NEW YORK -- The NBA yesterday absolved Michael Jordan of any wrongdoing regarding the recent gambling allegations that have surfaced against the Chicago Bulls' star but also warned him against associations with individuals of questionable character.
The announcement came after a 2 1/2 -hour meeting here among Jordan and his attorney, NBA deputy commissioner Russ Granik, security director Horace Balmer and former federal judge Frederick Lacey, who was retained by the NBA.
"This situation has been investigated with complete cooperation from Michael and his attorneys," NBA commissioner David Stern said in a statement, "and Judge Lacey has assured us that there appears to be no reason for the NBA to take action against Michael.
"We've also been advised that Michael is not the subject of investigation by any law enforcement agency, [and] there is no evidence that Michael has ever gambled on NBA games.
"Michael has advised us he understands the gravity of the situation and that if he is not more careful about his associations, it can reflect adversely on his fellow players and the entire NBA. He has assured us that he will be more careful about those associations in the future."
Jordan, saying that as far as he was concerned the matter was now behind him, was contrite and apologetic as he met with reporters before last night's 96-90 victory over the New York Knicks.
"I knew that at some point they had to look into the situation, which they did," said Jordan, "and I just tried to be as straightforward as possible.
"There are things to be learned from this. Every individual learns from his mistakes, and that was a mistake, the whole encounter.
"No one's perfect -- Michael Jordan, you [media] or anyone else. I think the lesson that comes from this is that when you make a mistake, you've got to stand up and accept it and move on. I hated that I put myself in a predicament like that, and naturally from this point you have to evaluate yourself and the people you come into contact with.
"Sometimes you tend to forget as a public person the things you have to take into account. Naturally, it's an embarrassment for me, my family, the organization and the fans as well . . . and hopefully they can understand that mistakes will happen. The embarrassment is something I don't want to encounter again. The letting down of people is something I don't want to encounter again.
"I don't think it will cause me to withdraw from things I enjoy doing, but I'll look at them more cautiously and evaluate it better."
Asked about his comments of two weeks ago that he could associate with whomever he pleased, Jordan explained: "That was more or less a rebuttal to the attention I was receiving. That was one of those times I chose the Charles Barkley way and spoke without thinking. I really didn't evaluate the circumstances of the whole situation."
Jordan could have faced a league suspension but apparently earned no more than a slap on the wrists and advice to be more careful.

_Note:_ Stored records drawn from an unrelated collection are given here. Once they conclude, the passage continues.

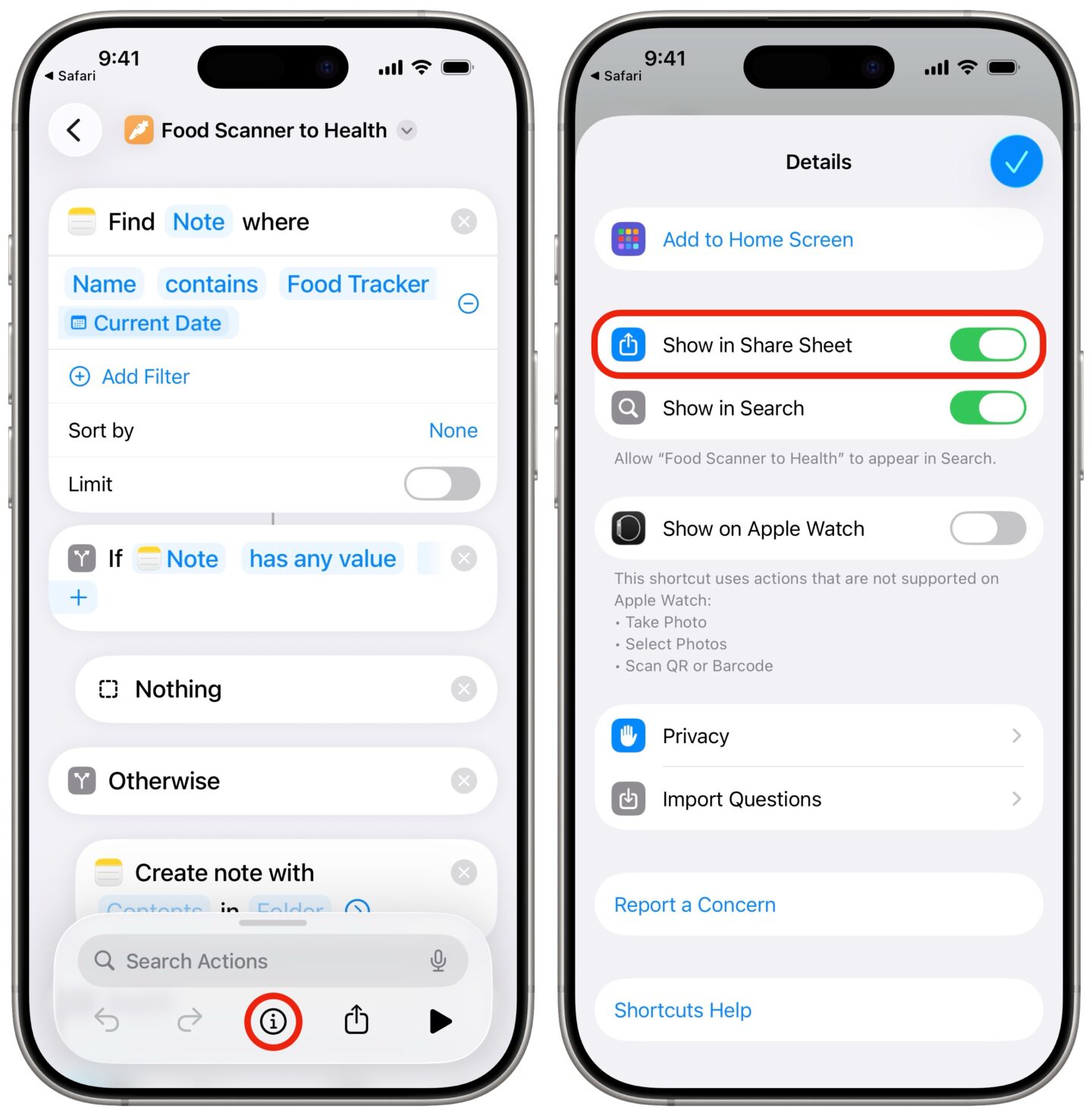 Enabling Show in Share Sheet on a Shortcut
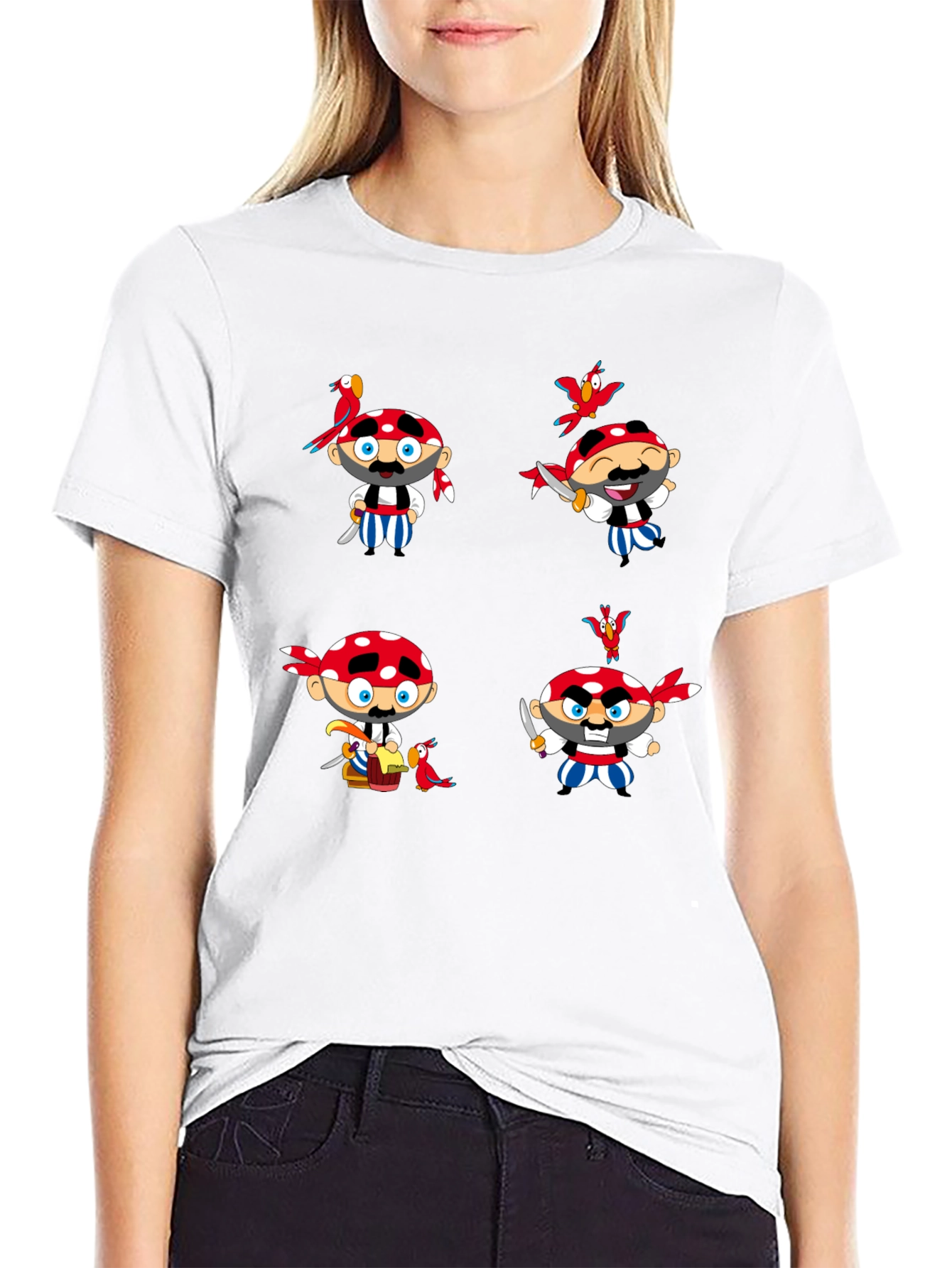 Pirate Cartoon Graphic Black T-Shirt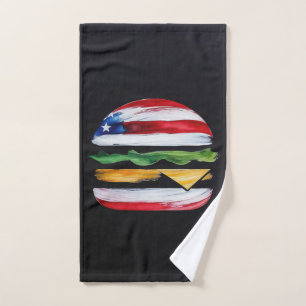 America Burger (Schwarze Malerei Nr. 2) Handtuch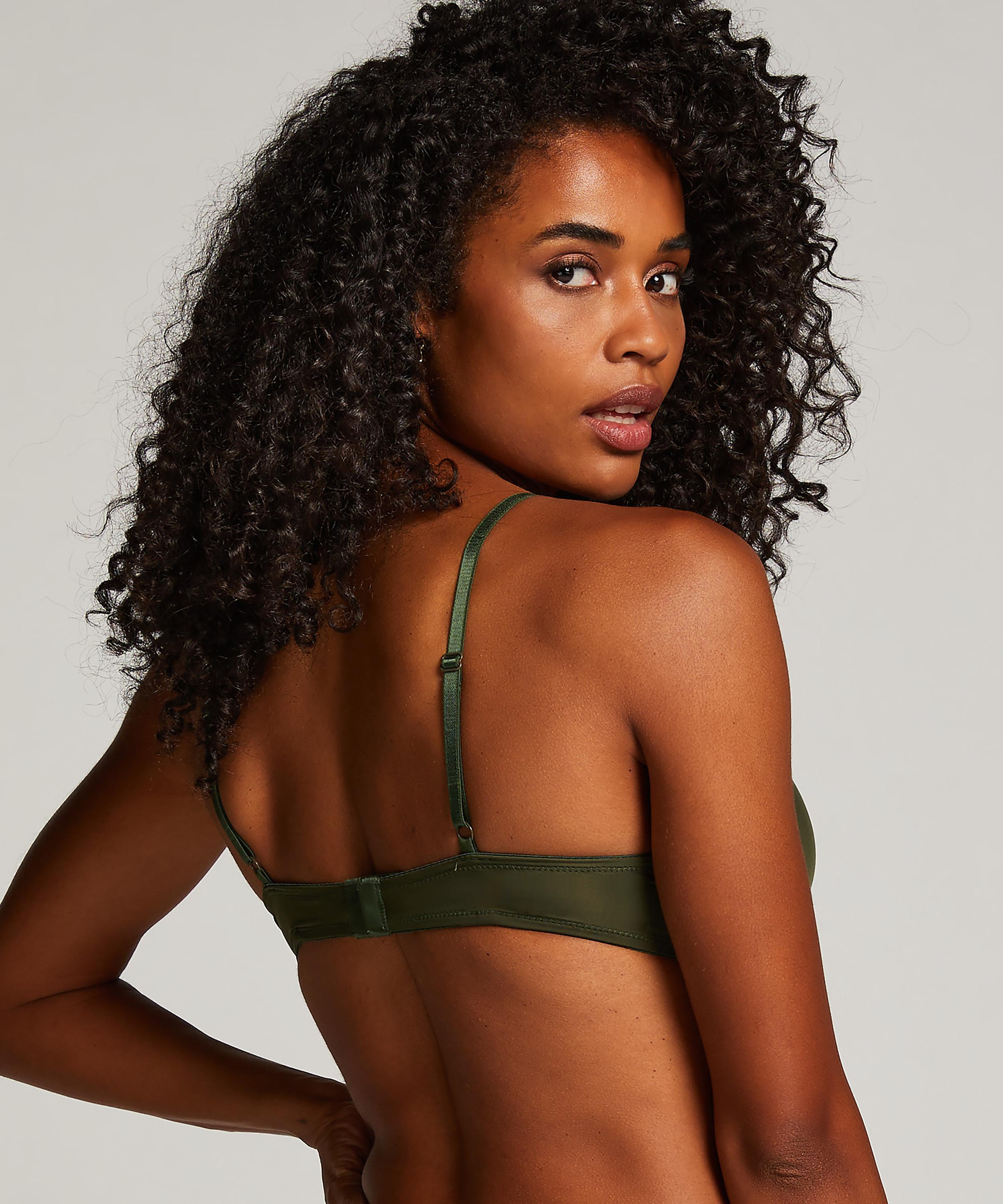 Plunge Padded Underwired Bra, Green, main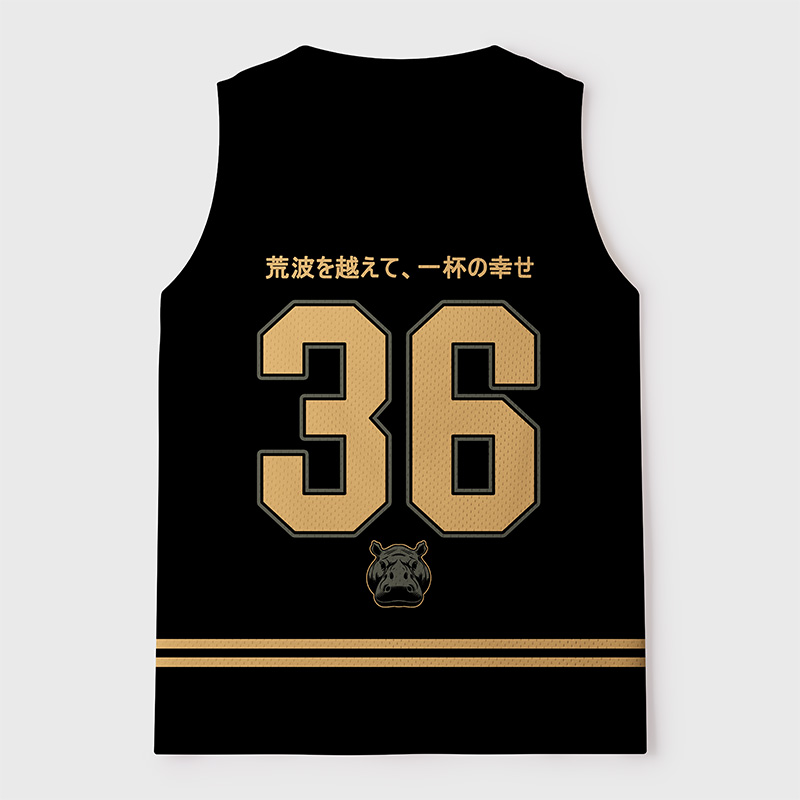 Tokyo-Tiger Funny Hippo Ramen Happiness Bowl Mesh Tank Top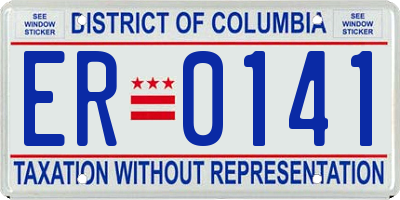 DC license plate ER0141
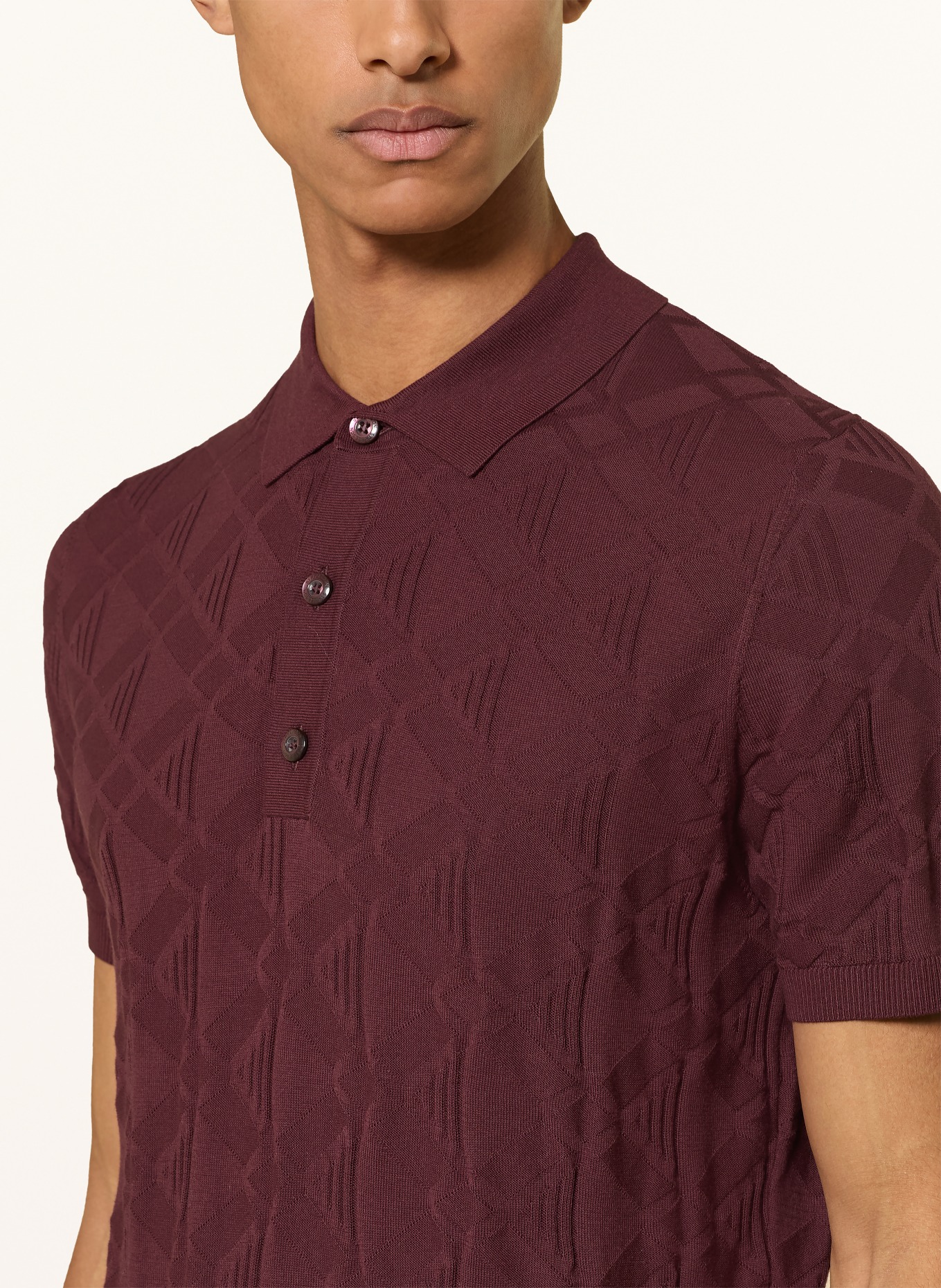 STRELLSON Gebreid poloshirt VINCENT: DONKERROOD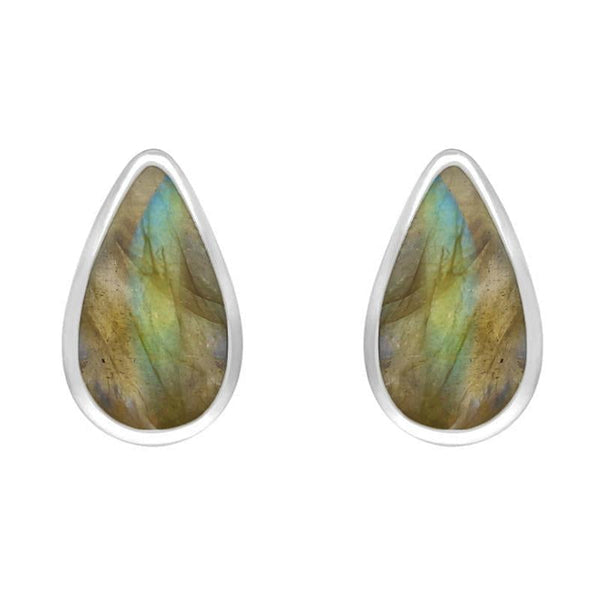 Sterling Silver Labradorite Dinky Pear Stud Earrings E225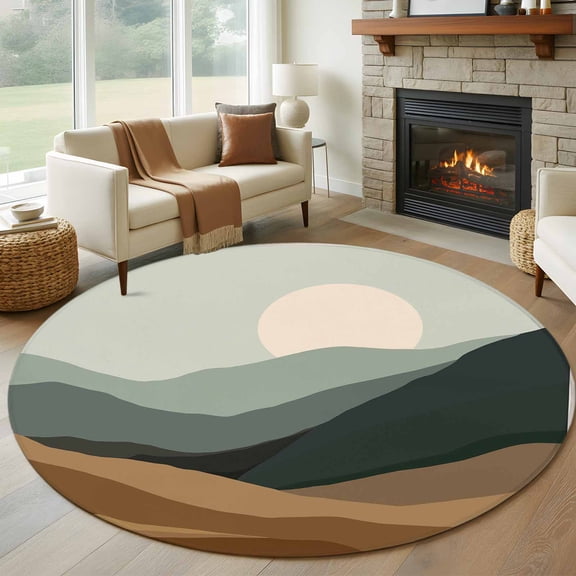 Round Area Rug 5ft Natural Scenery Abstract Sunset Area Rugs Washable Low Pile Floor Carpet for Bedroom, Mountain Brown Green Stripe Non Slip Soft Rugs for Living Room Entryway Dining Room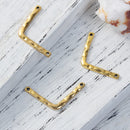 10 Chevron Metal Bar Connectors, Gold Metal, Hammered Metal, 25mm across, chs3278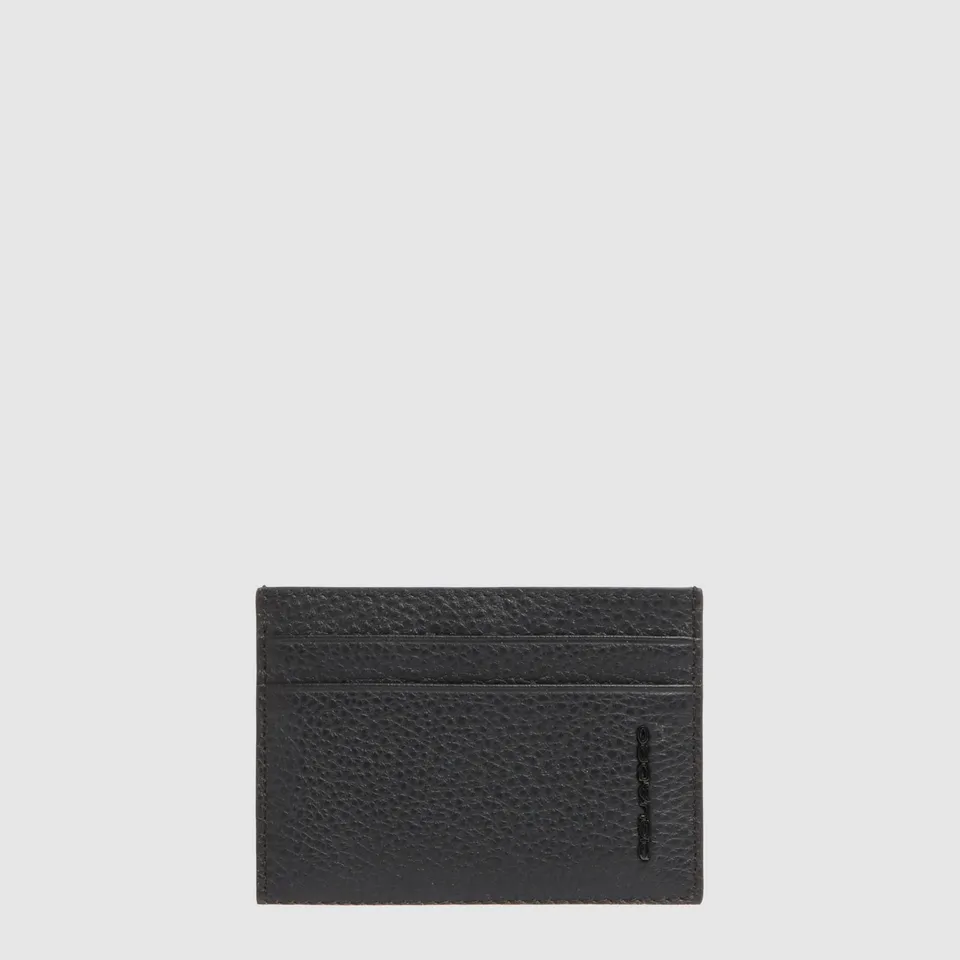 Piquadro Black Square Kartenetui Leder Schwarz dünn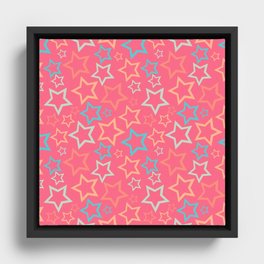 Stars Pink Background Pattern Design Framed Canvas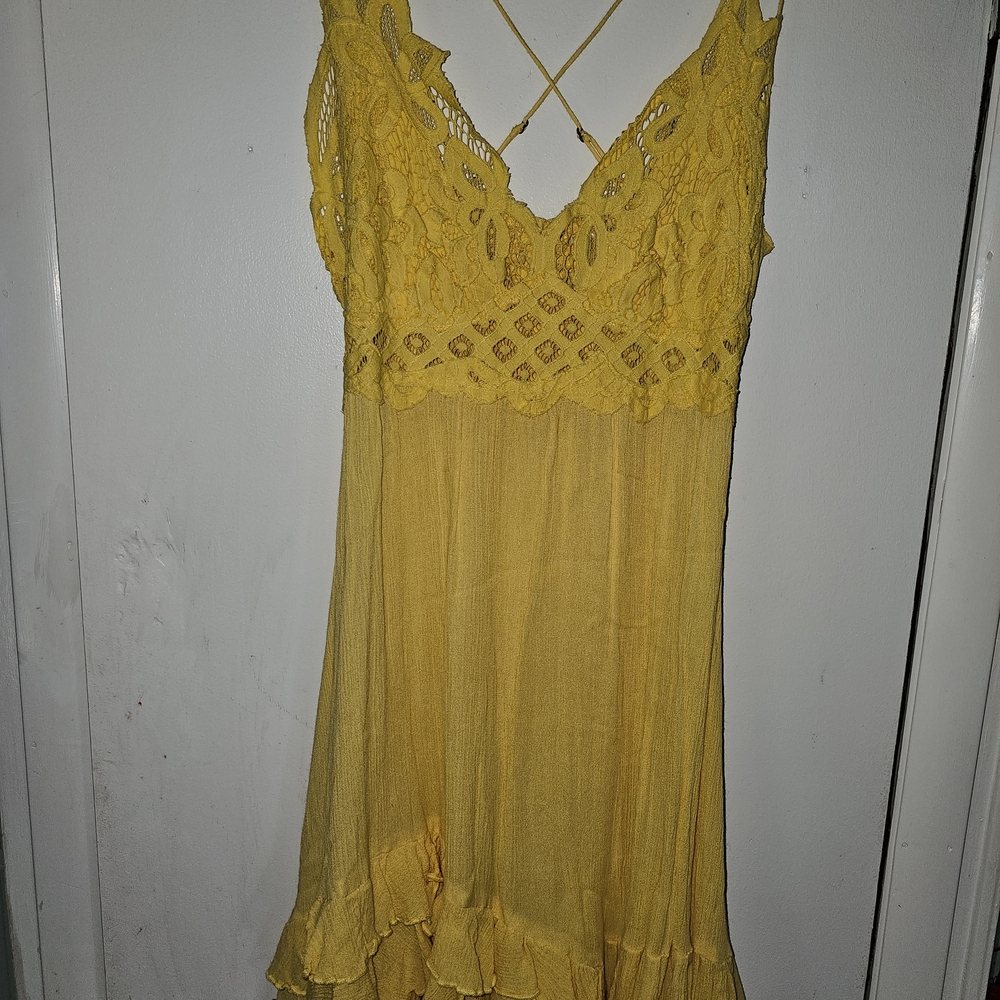 Free People One Size Med Yellow Lace Midi Dress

And he sounded like a chastened man.
"I made a very critical mistake in evaluating the people that I deal with," said Jordan. "I'm a sucker for a golf game. But it's going to make me more cautious and more aware of Michael Jordan and what to expect of Michael Jordan. In that area, I kind of let people down, and I want to apologize. I feel very embarrassed about it. But I don't want people to condemn me, because everyone is entitled to a mistake."